**What to work on**
Below are some records. Write out the line that contains "Fair Used Condition." and all lines after it, exactly, but not the pictures.

**Entries provided**
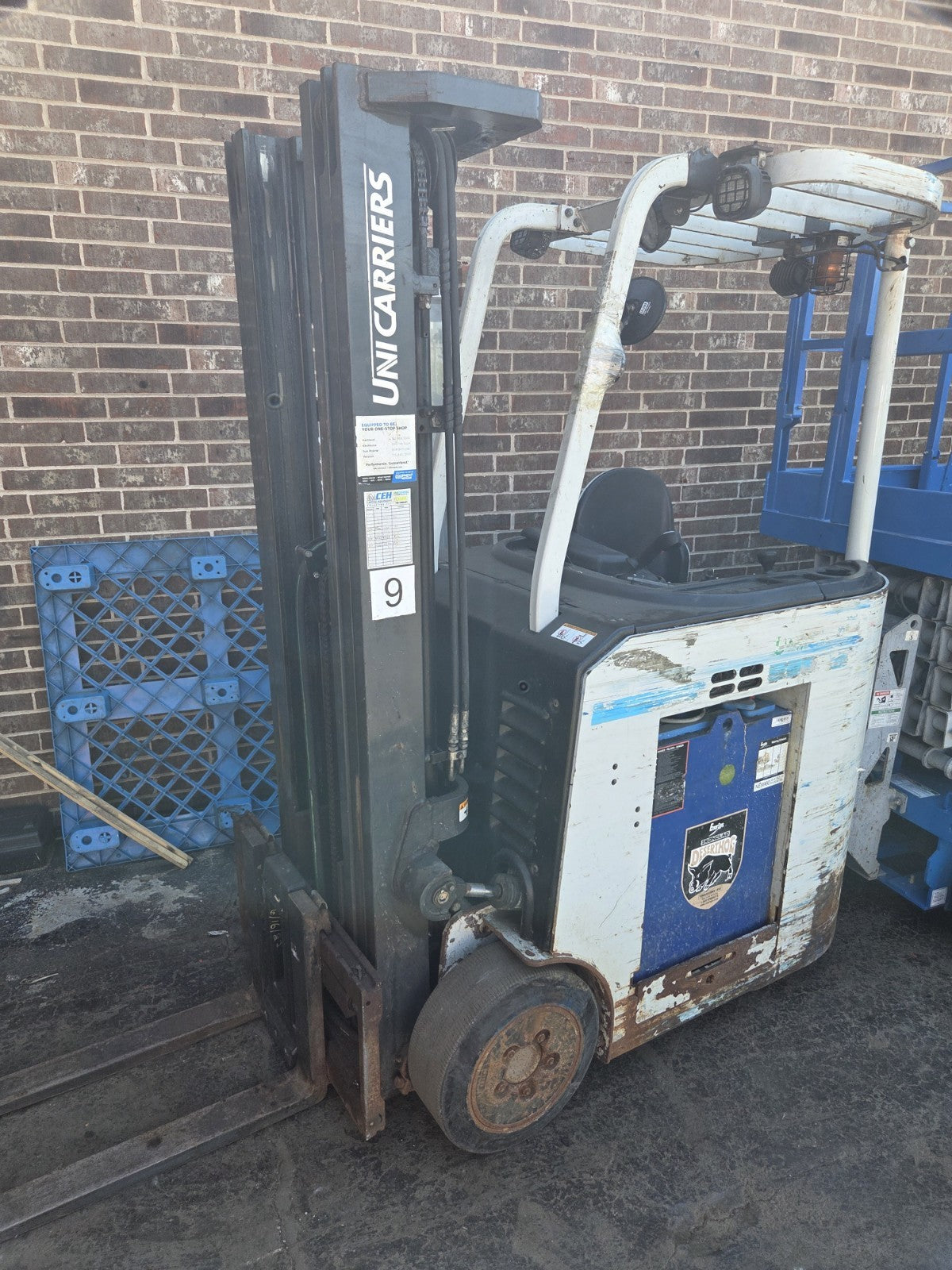 UniCarriers 1S1L20NV Electric Forklift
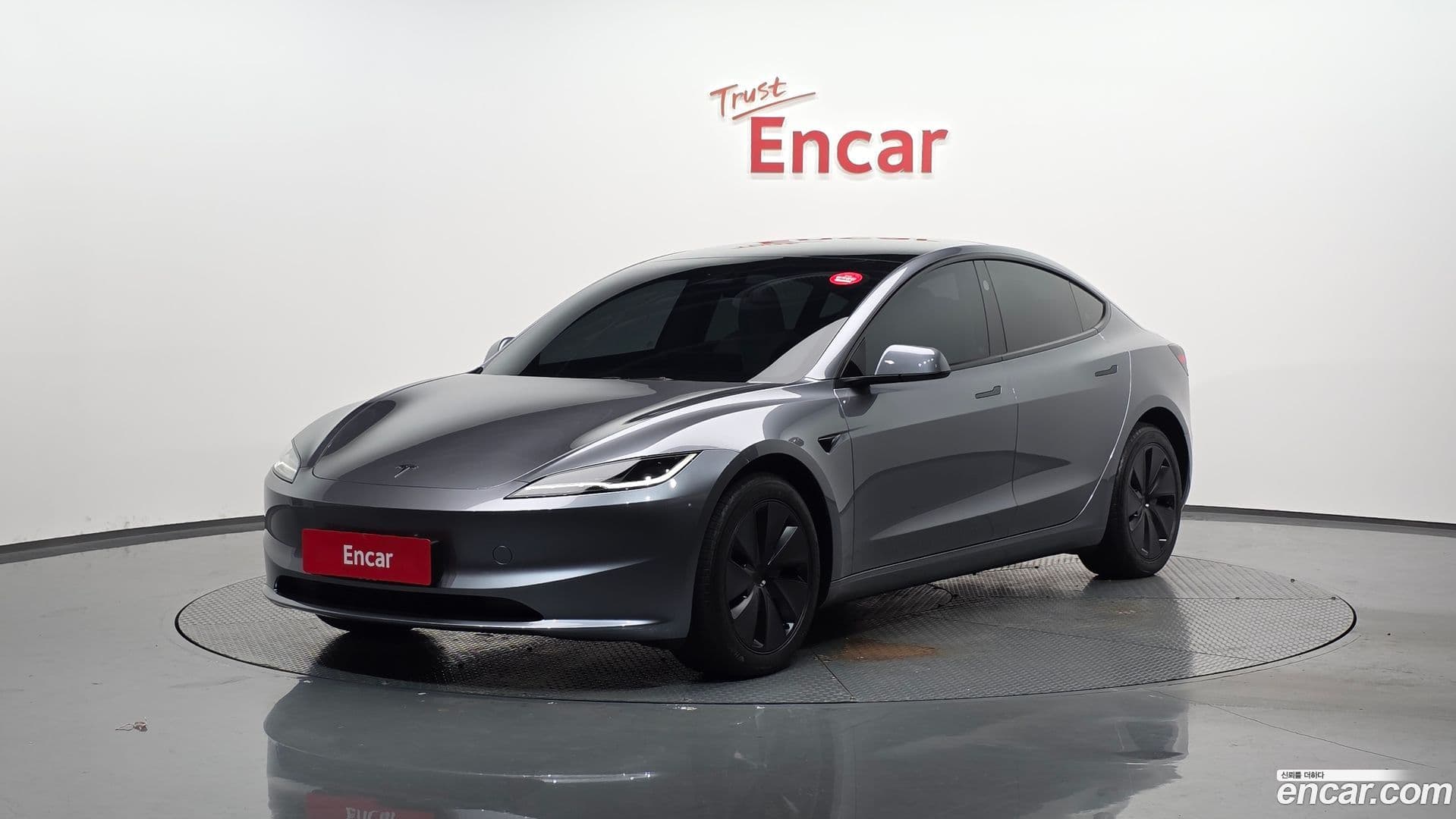 Main__Slider__Photo:Model 3 Tesla 2025.6-0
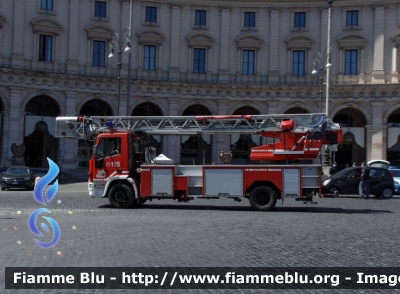  Iveco EuroFire 150E28 I serie 
Vigili del Fuoco
Comando Provinciale di Roma
Distaccamento Cittadino di Prati (RM)
AutoScala da 30 metri allestimento Iveco-Magirus
VF 21886 
Parole chiave: Iveco EuroFire_150E28_Iserie VF21886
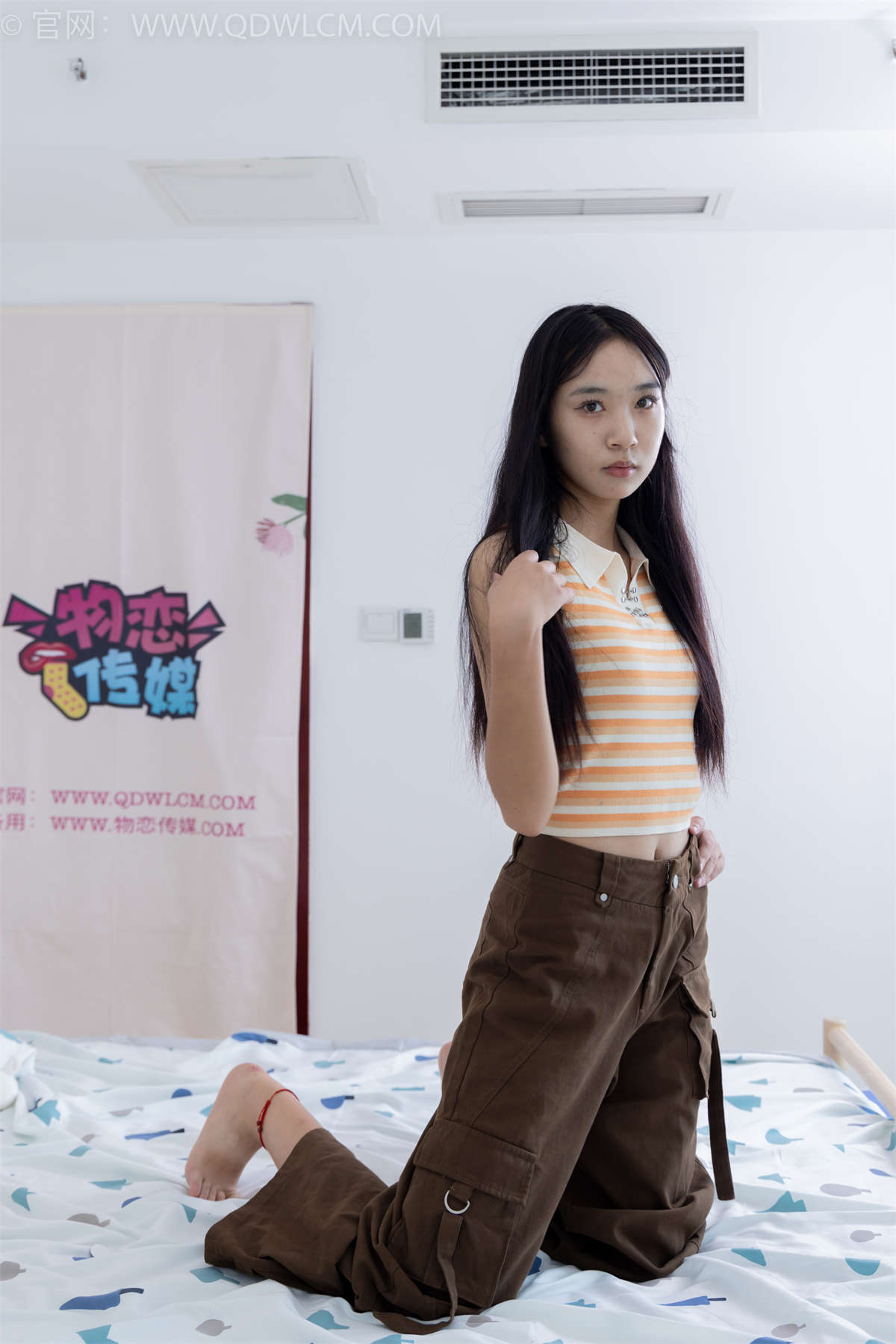 物恋传媒 NO.1675 登登-岁月的洗礼-日更街拍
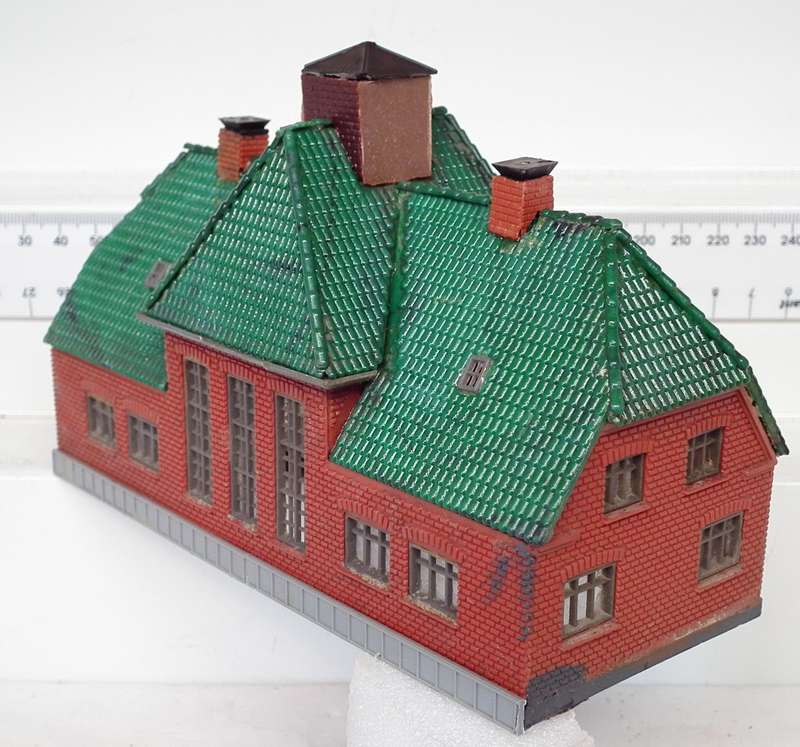 SCENERY HO:  European Country Style Plastic Station Building on Platform in Fair Used Condition.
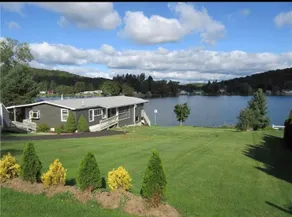 Peaceful Waterfront Cottage on Smith Pond - Image 2
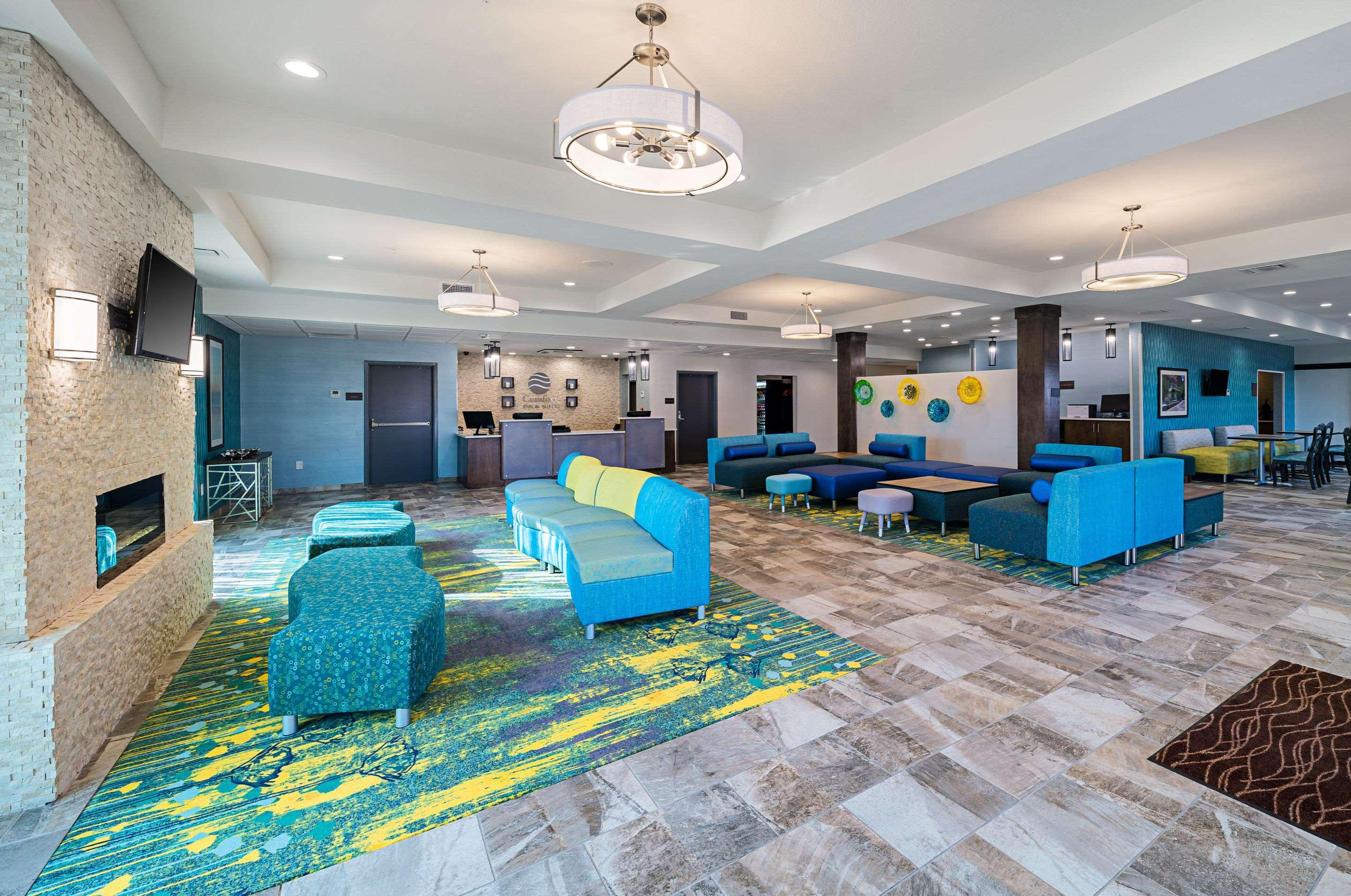 Hotel Comfort & Near Bricktown 3*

**Written reply**
 SCENERY HO:  European Country Style Plastic Station Building on Platform in Fair Used Condition.
 Peaceful Waterfront Cottage on Smith Pond - Image 2
 Hotel Comfort & Near Bricktown 3*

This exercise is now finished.